** Opening Records shown block **

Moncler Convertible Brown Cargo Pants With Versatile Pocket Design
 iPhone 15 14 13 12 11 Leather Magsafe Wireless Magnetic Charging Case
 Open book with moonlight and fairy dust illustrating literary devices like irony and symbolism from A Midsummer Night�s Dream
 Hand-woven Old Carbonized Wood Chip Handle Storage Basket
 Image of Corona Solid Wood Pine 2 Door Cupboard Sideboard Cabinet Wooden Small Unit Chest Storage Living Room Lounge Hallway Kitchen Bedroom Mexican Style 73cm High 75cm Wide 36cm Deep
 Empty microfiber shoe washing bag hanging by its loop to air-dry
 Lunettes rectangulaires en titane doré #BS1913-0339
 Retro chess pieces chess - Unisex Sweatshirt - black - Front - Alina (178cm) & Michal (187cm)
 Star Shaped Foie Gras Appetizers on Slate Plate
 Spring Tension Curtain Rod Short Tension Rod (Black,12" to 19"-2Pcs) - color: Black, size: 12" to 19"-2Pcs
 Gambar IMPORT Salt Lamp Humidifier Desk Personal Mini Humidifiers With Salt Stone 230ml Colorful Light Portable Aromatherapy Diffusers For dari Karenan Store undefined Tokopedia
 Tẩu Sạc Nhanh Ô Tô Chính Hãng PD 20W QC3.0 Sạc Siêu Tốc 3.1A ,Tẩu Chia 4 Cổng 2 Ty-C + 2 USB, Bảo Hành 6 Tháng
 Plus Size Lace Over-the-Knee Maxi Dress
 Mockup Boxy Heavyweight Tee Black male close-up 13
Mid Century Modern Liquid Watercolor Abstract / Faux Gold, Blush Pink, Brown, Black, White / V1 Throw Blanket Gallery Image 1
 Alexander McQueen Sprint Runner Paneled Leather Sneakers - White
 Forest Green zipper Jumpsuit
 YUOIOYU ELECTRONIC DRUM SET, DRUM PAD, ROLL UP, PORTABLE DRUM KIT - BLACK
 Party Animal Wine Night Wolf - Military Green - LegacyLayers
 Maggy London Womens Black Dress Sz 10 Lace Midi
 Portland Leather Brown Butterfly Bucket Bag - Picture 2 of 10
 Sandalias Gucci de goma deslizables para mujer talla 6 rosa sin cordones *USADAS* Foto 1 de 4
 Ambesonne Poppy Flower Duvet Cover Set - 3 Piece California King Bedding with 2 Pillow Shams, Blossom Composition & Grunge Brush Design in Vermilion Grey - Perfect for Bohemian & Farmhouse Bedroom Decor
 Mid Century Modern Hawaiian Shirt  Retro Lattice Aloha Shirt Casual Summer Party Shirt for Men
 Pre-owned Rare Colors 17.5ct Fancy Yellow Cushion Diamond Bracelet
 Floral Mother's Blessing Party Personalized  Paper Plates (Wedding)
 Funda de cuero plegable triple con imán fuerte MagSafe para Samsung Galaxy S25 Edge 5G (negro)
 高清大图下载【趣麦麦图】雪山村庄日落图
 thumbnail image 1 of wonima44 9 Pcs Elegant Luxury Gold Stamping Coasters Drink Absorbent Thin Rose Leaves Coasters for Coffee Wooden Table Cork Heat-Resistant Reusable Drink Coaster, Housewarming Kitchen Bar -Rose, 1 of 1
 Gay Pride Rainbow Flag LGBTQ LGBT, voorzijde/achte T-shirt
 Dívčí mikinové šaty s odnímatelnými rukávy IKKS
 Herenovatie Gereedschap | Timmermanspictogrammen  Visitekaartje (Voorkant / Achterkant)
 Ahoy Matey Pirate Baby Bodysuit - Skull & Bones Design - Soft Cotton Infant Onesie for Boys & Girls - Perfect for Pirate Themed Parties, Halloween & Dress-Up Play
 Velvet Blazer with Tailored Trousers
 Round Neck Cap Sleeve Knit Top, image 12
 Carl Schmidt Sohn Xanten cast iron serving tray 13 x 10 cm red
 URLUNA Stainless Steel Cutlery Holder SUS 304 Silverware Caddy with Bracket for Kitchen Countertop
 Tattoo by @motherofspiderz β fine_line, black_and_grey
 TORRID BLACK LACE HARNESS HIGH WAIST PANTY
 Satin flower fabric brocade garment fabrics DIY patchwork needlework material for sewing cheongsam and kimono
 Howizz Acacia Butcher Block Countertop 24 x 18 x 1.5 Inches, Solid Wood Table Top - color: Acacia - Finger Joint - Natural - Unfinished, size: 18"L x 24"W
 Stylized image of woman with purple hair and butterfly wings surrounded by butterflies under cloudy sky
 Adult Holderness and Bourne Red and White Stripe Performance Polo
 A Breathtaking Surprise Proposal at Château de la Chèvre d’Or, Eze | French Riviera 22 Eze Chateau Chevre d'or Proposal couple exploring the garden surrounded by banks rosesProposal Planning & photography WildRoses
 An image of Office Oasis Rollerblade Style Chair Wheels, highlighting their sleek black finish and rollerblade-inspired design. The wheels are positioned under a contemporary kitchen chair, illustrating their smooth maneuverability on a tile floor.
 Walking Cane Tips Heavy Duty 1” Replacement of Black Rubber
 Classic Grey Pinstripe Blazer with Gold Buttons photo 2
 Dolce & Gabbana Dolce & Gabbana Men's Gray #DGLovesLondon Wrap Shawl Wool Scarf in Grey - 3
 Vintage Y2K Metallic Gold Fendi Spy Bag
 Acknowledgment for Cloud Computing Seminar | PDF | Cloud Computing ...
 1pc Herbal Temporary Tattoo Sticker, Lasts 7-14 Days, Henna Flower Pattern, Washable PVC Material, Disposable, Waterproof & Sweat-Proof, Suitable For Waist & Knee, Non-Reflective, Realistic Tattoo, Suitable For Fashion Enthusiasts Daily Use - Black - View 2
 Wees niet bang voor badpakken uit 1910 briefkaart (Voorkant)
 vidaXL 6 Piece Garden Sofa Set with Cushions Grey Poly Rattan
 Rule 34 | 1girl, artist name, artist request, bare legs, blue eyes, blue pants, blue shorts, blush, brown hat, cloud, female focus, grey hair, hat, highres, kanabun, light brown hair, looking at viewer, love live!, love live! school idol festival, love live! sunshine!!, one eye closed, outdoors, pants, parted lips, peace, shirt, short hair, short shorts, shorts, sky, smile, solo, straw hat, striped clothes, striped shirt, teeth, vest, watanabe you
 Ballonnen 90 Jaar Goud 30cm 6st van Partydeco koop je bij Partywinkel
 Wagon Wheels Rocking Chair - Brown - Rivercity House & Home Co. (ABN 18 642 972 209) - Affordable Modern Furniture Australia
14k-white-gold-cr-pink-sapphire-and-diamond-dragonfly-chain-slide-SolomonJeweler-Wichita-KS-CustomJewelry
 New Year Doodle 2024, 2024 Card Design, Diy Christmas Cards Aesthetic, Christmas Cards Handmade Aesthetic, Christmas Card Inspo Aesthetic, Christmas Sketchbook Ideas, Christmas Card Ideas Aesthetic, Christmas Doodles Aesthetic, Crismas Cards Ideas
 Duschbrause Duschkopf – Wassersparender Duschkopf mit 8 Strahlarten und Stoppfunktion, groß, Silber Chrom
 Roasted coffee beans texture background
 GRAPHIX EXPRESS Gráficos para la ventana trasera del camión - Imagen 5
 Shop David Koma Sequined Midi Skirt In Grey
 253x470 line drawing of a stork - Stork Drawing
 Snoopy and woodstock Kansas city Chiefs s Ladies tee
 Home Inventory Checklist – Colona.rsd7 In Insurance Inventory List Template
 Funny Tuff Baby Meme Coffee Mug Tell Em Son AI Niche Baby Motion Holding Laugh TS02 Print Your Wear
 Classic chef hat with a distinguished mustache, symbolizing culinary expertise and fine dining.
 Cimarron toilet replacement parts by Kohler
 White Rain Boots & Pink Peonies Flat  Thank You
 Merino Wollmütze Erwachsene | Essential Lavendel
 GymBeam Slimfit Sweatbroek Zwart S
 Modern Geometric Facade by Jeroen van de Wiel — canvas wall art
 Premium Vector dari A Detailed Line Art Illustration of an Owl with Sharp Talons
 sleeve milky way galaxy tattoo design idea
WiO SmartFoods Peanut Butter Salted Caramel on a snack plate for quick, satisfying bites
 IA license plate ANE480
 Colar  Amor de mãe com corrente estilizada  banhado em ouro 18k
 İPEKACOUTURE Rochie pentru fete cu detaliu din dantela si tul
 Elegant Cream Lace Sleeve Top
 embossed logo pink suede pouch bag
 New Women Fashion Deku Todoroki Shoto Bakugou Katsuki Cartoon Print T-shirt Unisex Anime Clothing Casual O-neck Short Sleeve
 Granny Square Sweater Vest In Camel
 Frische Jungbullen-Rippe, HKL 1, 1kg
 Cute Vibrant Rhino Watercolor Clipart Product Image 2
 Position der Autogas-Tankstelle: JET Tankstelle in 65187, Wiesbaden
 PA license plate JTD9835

** Closing Records shown block **

* _What is being asked_
In the entries above, find the line holding "Vintage Y2K Metallic Gold Fendi Spy Bag" and the line holding "Acknowledgment for Cloud"; print both of them and every line between, exactly, and nothing else.

* _Solution below_
 Vintage Y2K Metallic Gold Fendi Spy Bag
 Acknowledgment for Cloud Computing Seminar | PDF | Cloud Computing ...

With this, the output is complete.